How to wait until all new (dynamic) elements are loaded in selenium webdriver?

90 Views Asked by At

I'm scraping imdb movies' release dates (For example, https://www.imdb.com/title/tt0929632/releaseinfo/). On this website, after the page is fully loaded, only 5 rows of release dates are displayed. In order to get more rows, "show more" buttons need to be clicked on. My goal is to download html that contain full info on release dates, (I'll scrape info needed later)

I use seleinum webdriver because of interactive buttons. The workflow goes:

  1. Get the url, wait until the initial row elements are located
  2. Wait until the button is clickable before clicking on it
  3. Wait until all new row elements are loaded
  4. Download the html

However, I'm stuck at step 3. I'm using the same wait condition as in step 1

all_rows = WebDriverWait(driver, waittime).until(EC.presence_of_all_elements_located((By.XPATH, '//div[@data-testid="sub-section-releases"]//li[@data-testid="list-item"]')))
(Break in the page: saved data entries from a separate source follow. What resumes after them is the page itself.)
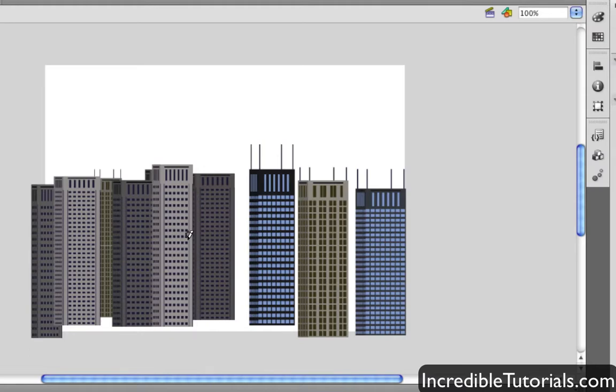So anyway, that is the deco tool. And again, if you're looking for a quick graphic or animation, definitely check it out. So anyway, I hope you guys found this helpful, and I'll see you guys next time.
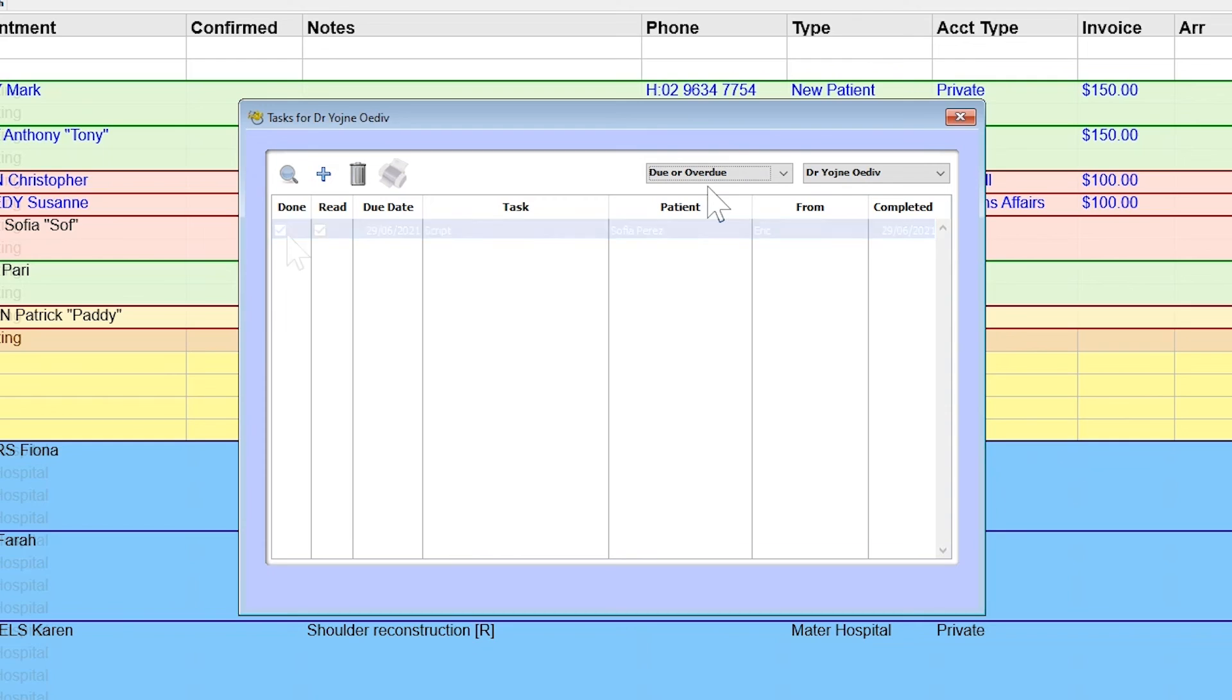Ticking Complete will remove the task from the due, overdue inbox. A reply to a task will always create a new task for the other user.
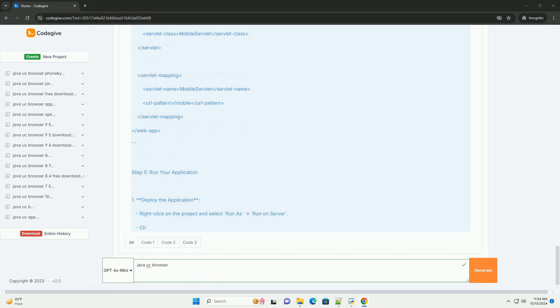Step 1: Set Up Your Java Web Application. Create a Dynamic Web Project. If you're using Eclipse, go to File, New, Dynamic Web Project. Name your project, example Mobile Web App. Configure the project, select the appropriate runtime like Apache Tomcat, and finish the wizard.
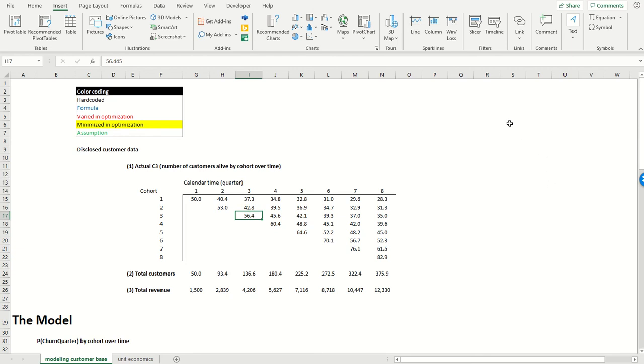Alright, the first thing we're going to do is model customer retention. First, just to get our bearings with the assumptions we're making here. We're working with a subscription firm. We're assuming that customers are acquired at the end of each quarter, and they get revenue each quarter.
but it doesn't always work. That is, if I repeat the same code multiple times, the results vary. Sometimes all rows are there in the downloaded html, but sometimes only partially, and other times only 5 rows.
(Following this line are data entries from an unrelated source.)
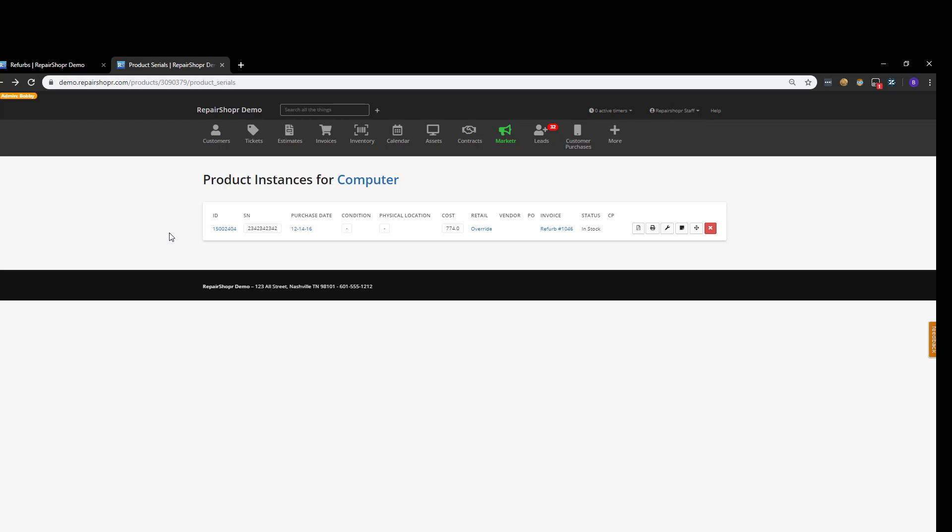But yeah, that's kind of the refurb manager in a nutshell, and if you're still with me, thanks for going on this ride with me while I'm on cold medication. I do apologize if my voice sounds a little bit different than normal, and I hope this video helps people check out the refurb manager, and yeah, I'll see you in the next one. Take care!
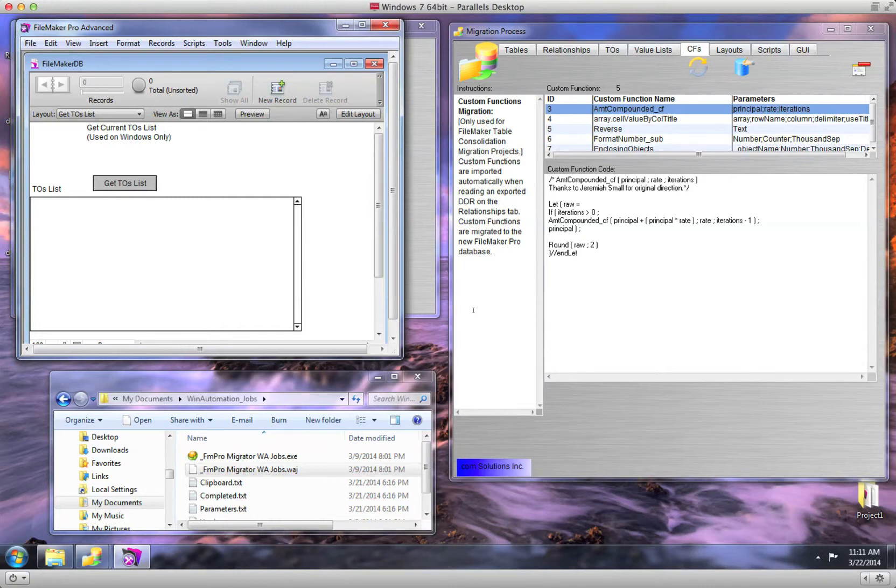In this video, I show how to use FM Pro Migrator to automate the creation of FileMaker custom functions in a FileMaker database.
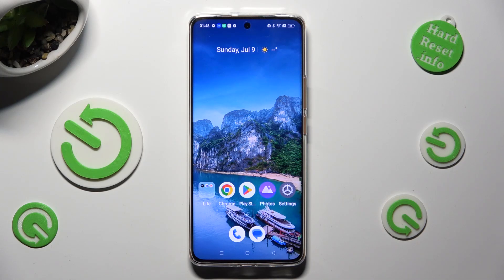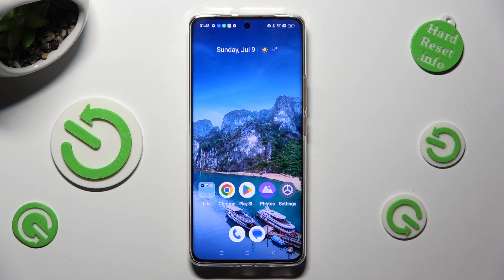Hi! In front of me is Realme 11 Pro, and today I would like to show you how you can select and delete multiple photos at once.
Does anyone know why this happened? I guess it's the wait condition that caused the problem but don't understand why. How can I modify my code to wait until all new row elements are loaded/located, without knowing ahead how many there'll be eventually?

Below is the code (python):

# library
from selenium import webdriver
from selenium.common.exceptions import NoSuchElementException
from selenium.common.exceptions import TimeoutException
from selenium.webdriver.common.by import By
from selenium.webdriver.support.ui import WebDriverWait
from selenium.webdriver.support import expected_conditions as EC

# def driver options
def opening_default_driver():
  chrome_options = webdriver.ChromeOptions()
  chrome_options.add_argument('--no-sandbox') 
  chrome_options.add_argument("--disable-dev-shm-usage")
  chrome_options.add_argument('start-maximized')
  chrome_options.add_argument("--disable-infobars")
  chrome_options.add_argument("--disable-extensions")
  chrome_options.add_experimental_option("prefs", { \
      "profile.default_content_setting_values.media_stream_mic": 2, 
      "profile.default_content_setting_values.media_stream_camera": 2,
      "profile.default_content_setting_values.geolocation": 2, 
      "profile.default_content_setting_values.notifications": 2 
    })
  driver = webdriver.Chrome(options=chrome_options)
  return driver

# download the html
driver = opening_default_driver()
waittime = 20
url = 'https://www.imdb.com/title/tt0929632/releaseinfo/'

for t in range(0,20):
    try:
        driver.get(url)
    except Exception as e:
        print(f'timeoutexc {e} getting url: ind, {url}')
    else:
        all_rows = WebDriverWait(driver, waittime).until(
            EC.presence_of_all_elements_located((By.XPATH, '//div[@data-testid="sub-section-releases"]//li[@data-testid="list-item"]'))
        )
        try:
            button2_parent = driver.find_element(By.CSS_SELECTOR, '.ipc-see-more.sc-68fe39e1-0.icyVUF.chained-see-more-button-releases.sc-2e6342b6-1.gXymKs')
            button2 = button2_parent.find_element(By.TAG_NAME, 'button')
        except NoSuchElementException:
            try:
                button1_parent = driver.find_element(By.CSS_SELECTOR, '.ipc-see-more.sc-f06d8e21-0.jBTuow.single-page-see-more-button-releases')
                button1 = button1_parent.find_element(By.TAG_NAME, 'button')
            except NoSuchElementException:
                print(f'can\'t find neither button')
            else:
                button1.click()
        else:
            button2.click()
        finally:
            try:
                all_rows = WebDriverWait(driver, waittime).until(
                    EC.presence_of_all_elements_located((By.XPATH, '//div[@data-testid="sub-section-releases"]//li[@data-testid="list-item"]'))
                )
            except TimeoutException:
                print(f'TimeoutException')
            else:
                f = f'/Users/lalala/Desktop/website{t}.html'
                html = driver.page_source
                with open(f, 'w+', encoding='utf-8') as file:
                    file.write(html)

driver.quit()

1

There are 1 best solutions below

1
On

I figured it out myself in the end @_@ EC.staleness_of(button) solves the problem (at least it seems to be the case)